* _EXERCISE BRIEF_:
Each line below must be reproduced exactly as it stands. Pictures stay out of the copy.

* _GIVEN DATA_:
┄┄┄┄┄┄┄┄┄┄
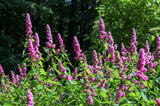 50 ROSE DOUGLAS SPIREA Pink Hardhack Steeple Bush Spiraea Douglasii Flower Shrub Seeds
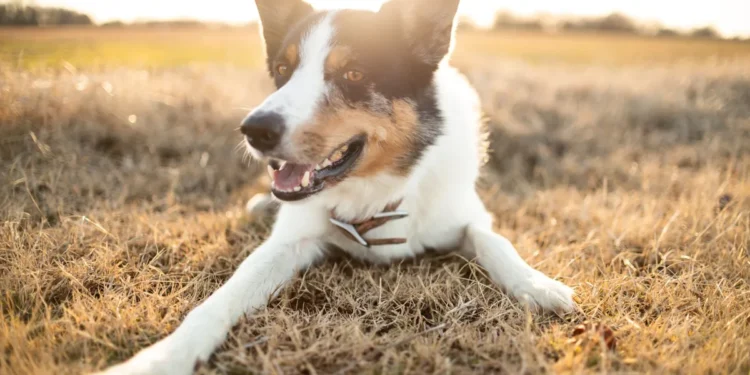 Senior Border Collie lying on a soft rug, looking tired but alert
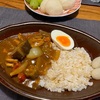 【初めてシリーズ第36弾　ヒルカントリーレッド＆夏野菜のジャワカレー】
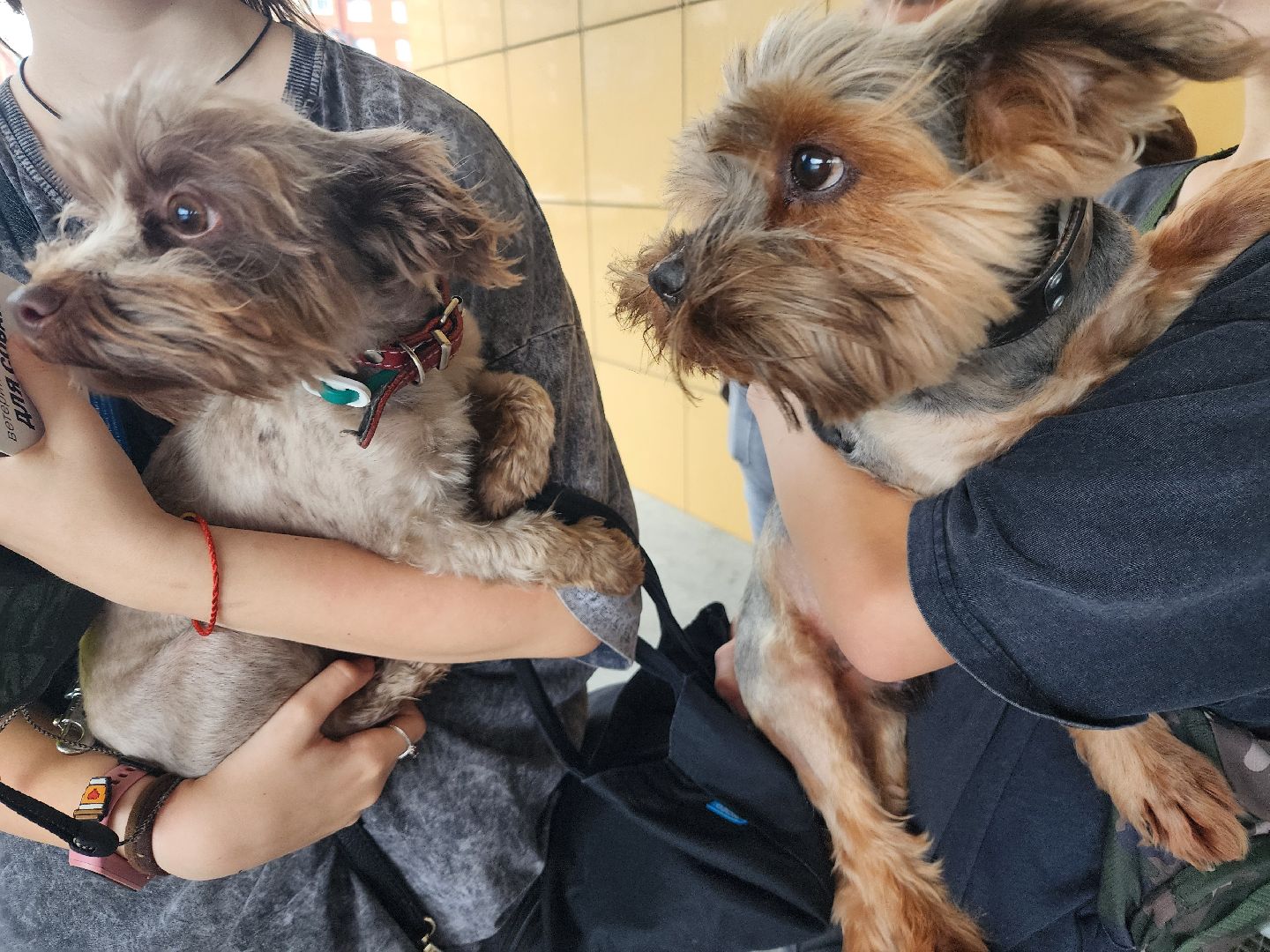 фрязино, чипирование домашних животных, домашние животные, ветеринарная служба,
┄┄┄┄┄┄┄┄┄┄
* _ANSWER SPACE_:
 50 ROSE DOUGLAS SPIREA Pink Hardhack Steeple Bush Spiraea Douglasii Flower Shrub Seeds
 Senior Border Collie lying on a soft rug, looking tired but alert
 【初めてシリーズ第36弾　ヒルカントリーレッド＆夏野菜のジャワカレー】
 фрязино, чипирование домашних животных, домашние животные, ветеринарная служба,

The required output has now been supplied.